For all the criticism (mine included) surrounding Apple’s delay of various Apple Intelligence features, I found this different perspective by Ben Thompson fascinating and worth considering:
What that means in practical terms is that Apple just shipped the best consumer-grade AI computer ever. A Mac Studio with an M3 Ultra chip and 512GB RAM can run a 4-bit quantized version of DeepSeek R1 — a state-of-the-art open-source reasoning model — right on your desktop. It’s not perfect — quantization reduces precision, and the memory bandwidth is a bottleneck that limits performance — but this is something you simply can’t do with a standalone Nvidia chip, pro or consumer. The former can, of course, be interconnected, giving you superior performance, but that costs hundreds of thousands of dollars all-in; the only real alternative for home use would be a server CPU and gobs of RAM, but that’s even slower, and you have to put it together yourself. Apple didn’t, of course, explicitly design the M3 Ultra for R1; the architectural decisions undergirding this chip were surely made years ago. In fact, if you want to include the critical decision to pursue a unified memory architecture, then your timeline has to extend back to the late 2000s, whenever the key architectural decisions were made for Apple’s first A4 chip, which debuted in the original iPad in 2010. Regardless, the fact of the matter is that you can make a strong case that Apple is the best consumer hardware company in AI, and this week affirmed that reality.
Anecdotally speaking, based on the people who cover AI that I follow these days, it seems there are largely two buckets of folks who are into local, on-device models: those who have set up pricey NVIDIA rigs at home for their CUDA cores (the vast minority); and – the undeniable majority – those who run a spectrum of local models on their Macs of different shapes and configurations (usually, MacBook Pros). If you have to run high-end, performance-intensive local models for academic or scientific workflows on a desktop, the M3 Ultra Mac Studio sounds like an absolute winner.

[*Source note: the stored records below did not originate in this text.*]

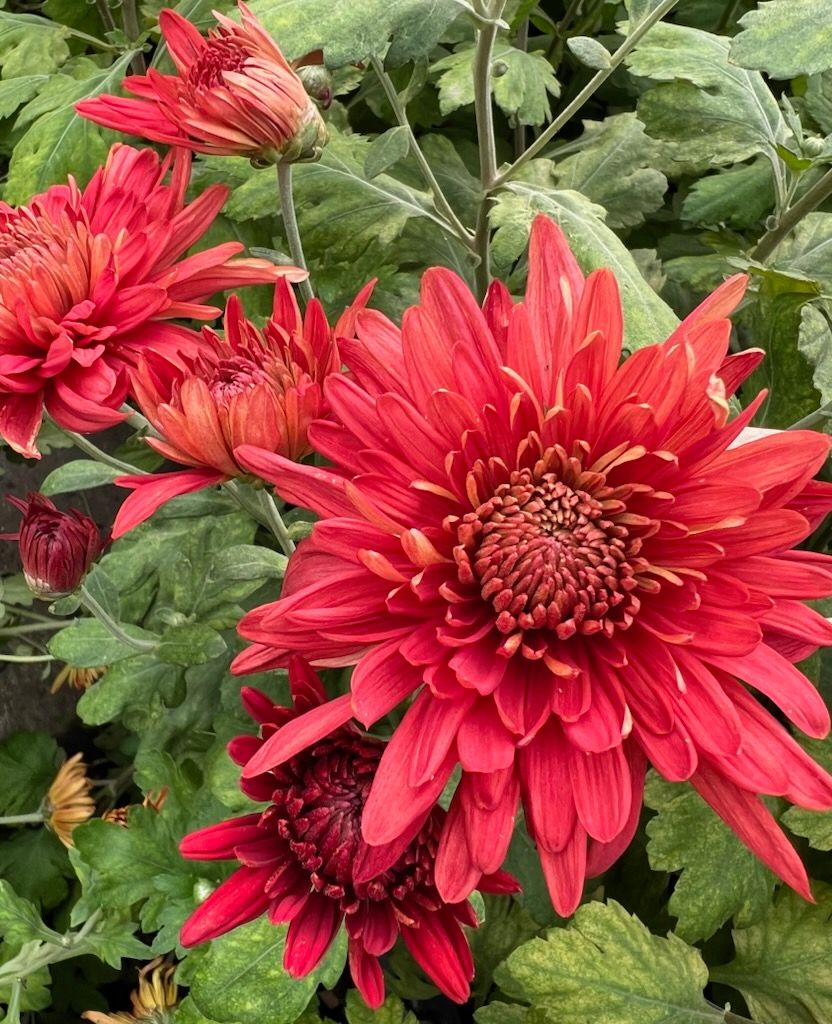 CHRYSANTHEMUM x Red Headliner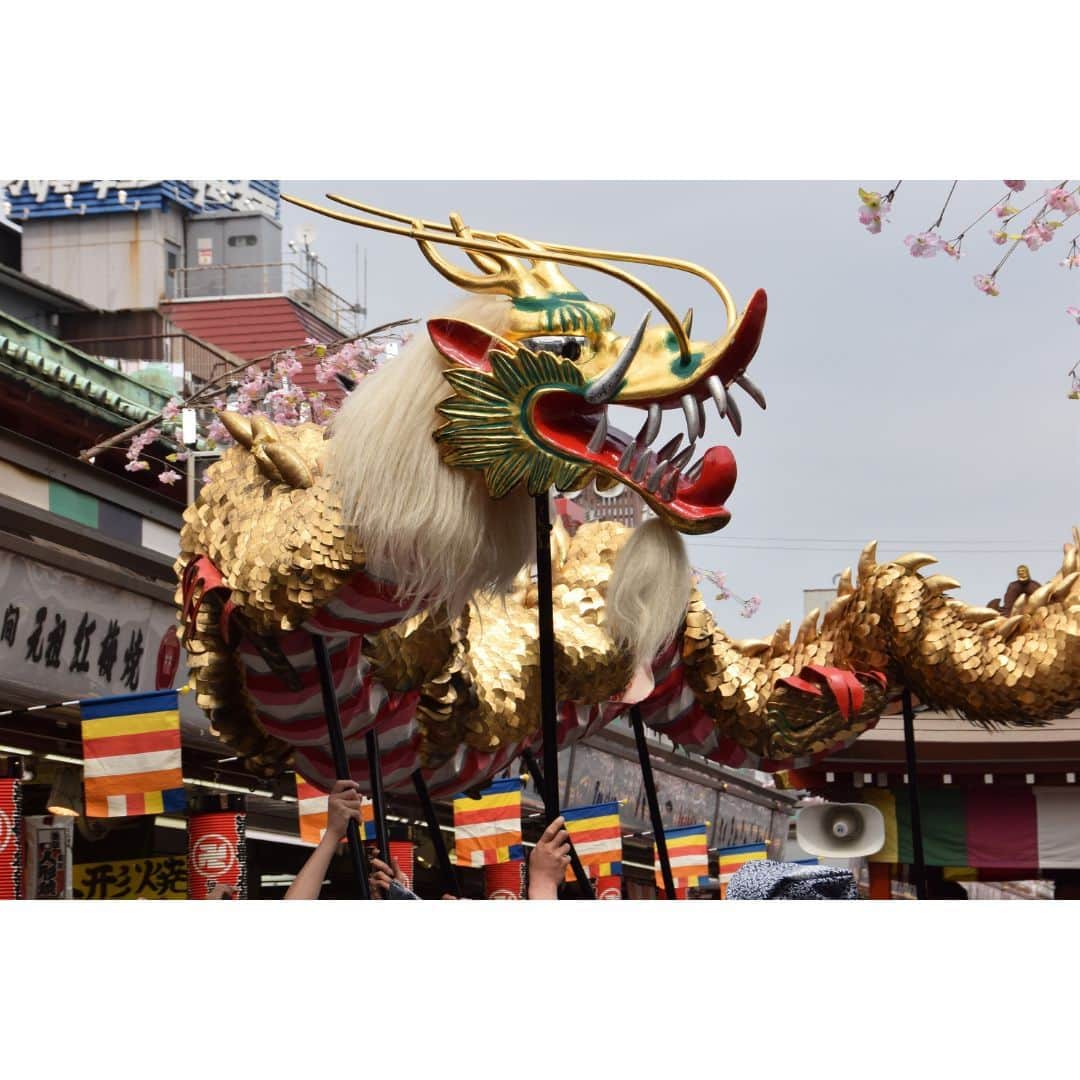 TOBU RAILWAY（東武鉄道）のインスタグラム：「. . 📍Asakusa - Golden Dragon Dance A splendid golden dragon dance at Sensoji Temple! . The Golden Dragon Dance will be held in front of the main hall of Sensoji Temple on October 18, 2023! The name of the Golden Dragon Dance comes from Kinryuzan, the honorific name of Sensoji which means “Golden Dragon Mountain.” It was first presented to commemorate the reconstruction of the main hall in 1958. The lotus pearl, which symbolizes, Kannon, the goddess of mercy, leads the performance. The Golden Dragon, which protects it, parades through the shops of the temple and the temple grounds. The splendid Golden Dragon is around 18 meters in length and 88 kilometers in weight. The dragon dancing among the musical accompaniment is a must see! . . . . Please comment "💛" if you impressed from this post. Also saving posts is very convenient when you look again :) . . #visituslater #stayinspired #nexttripdestination . . #asakusa #goldendragon #sensoji #recommend #japantrip #travelgram #tobujapantrip #unknownjapan #jp_gallery #visitjapan #japan_of_insta #art_of_japan #instatravel #japan #instagood #travel_japan #exoloretheworld #ig_japan #explorejapan #travelinjapan #beautifuldestinations #toburailway #japan_vacations」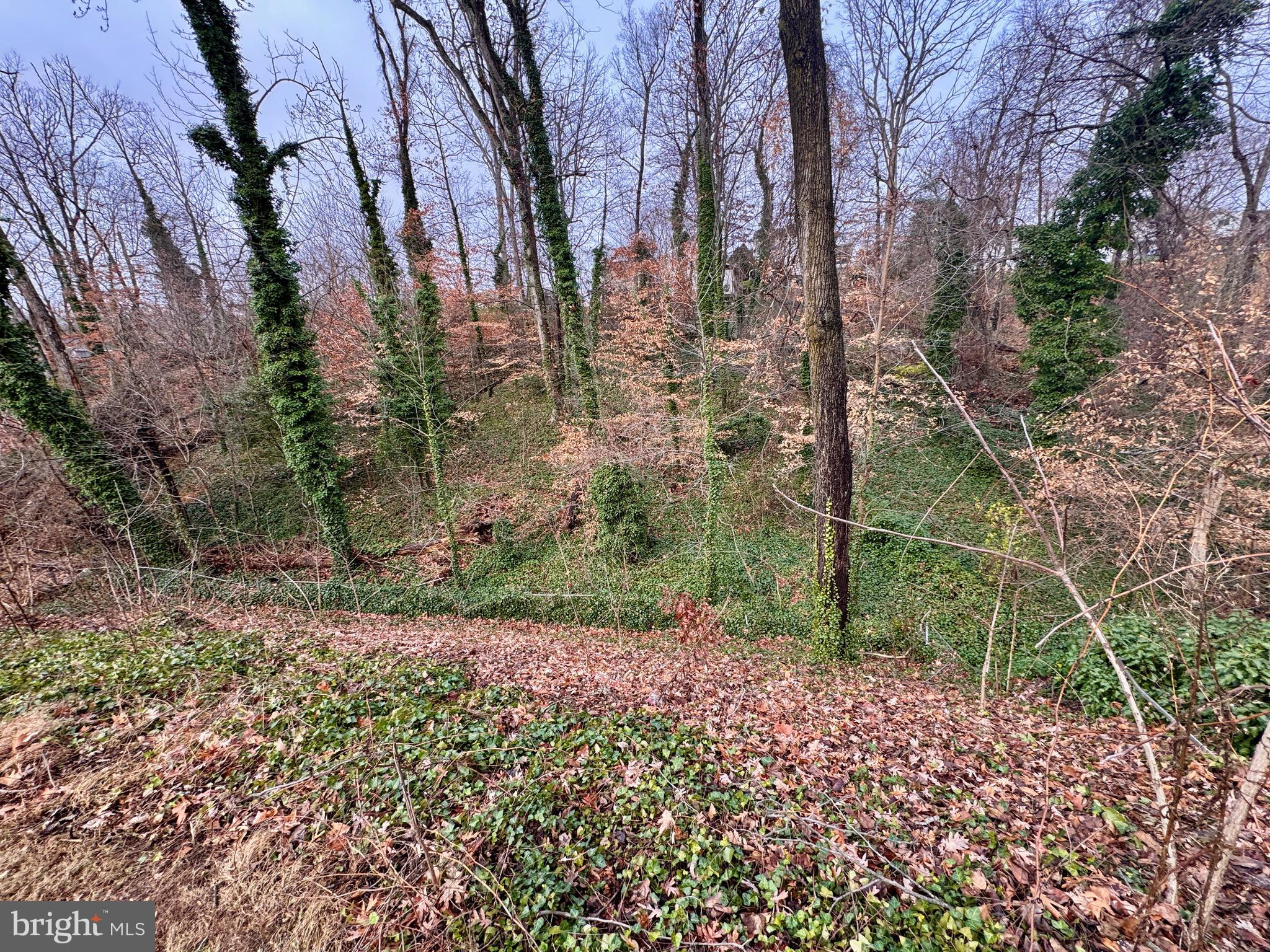 2112 Patrick Street Woodbridge, VA 22191 - Photo 15 of 65 a backyard of a house with lots of green space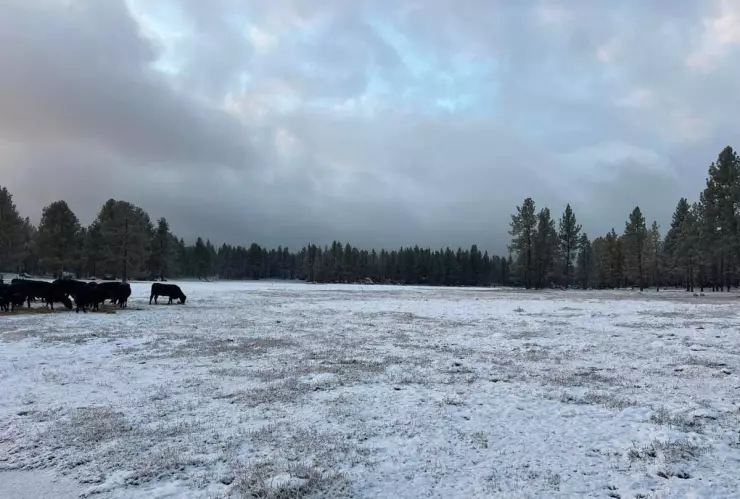 Nevadas en Sierra de Juárez y Sierra de San Pedro Mártir, Baja California este 2024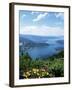 Lac Annecy, Rhone Alpes, France-Ethel Davies-Framed Photographic Print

However, I’d point out that – again, as far as local, on-device models are concerned – Apple is not shipping the best possible hardware on smartphones.
While the entire iPhone 16 lineup is stuck on 8 GB of RAM (and we know how memory-hungry these models can be), Android phones with at least 12 GB or 16 GB of RAM are becoming pretty much the norm now, especially in flagship territory. Even better in Android land, what are being advertised as “gaming phones” with a whopping 24 GB of RAM (such as the ASUS ROG Phone 9 Pro or the RedMagic 10 Pro) may actually make for compelling pocket computers to run smaller, distilled versions of DeepSeek, LLama, or Mistral with better performance than current iPhones.
Interestingly, I keep going back to this quote from Mark Gurman’s latest report on Apple’s AI challenges:
There are also concerns internally that fixing Siri will require having more powerful AI models run on Apple’s devices. That could strain the hardware, meaning Apple either has to reduce its set of features or make the models run more slowly on current or older devices. It would also require upping the hardware capabilities of future products to make the features run at full strength.
Given Apple’s struggles, their preference for a hybrid on-device/server-based AI system, and the market’s evolution on Android, I don’t think Apple can afford to ship 8 GB on iPhones for much longer if they’re serious about AI and positioning their hardware as the best consumer-grade AI computers.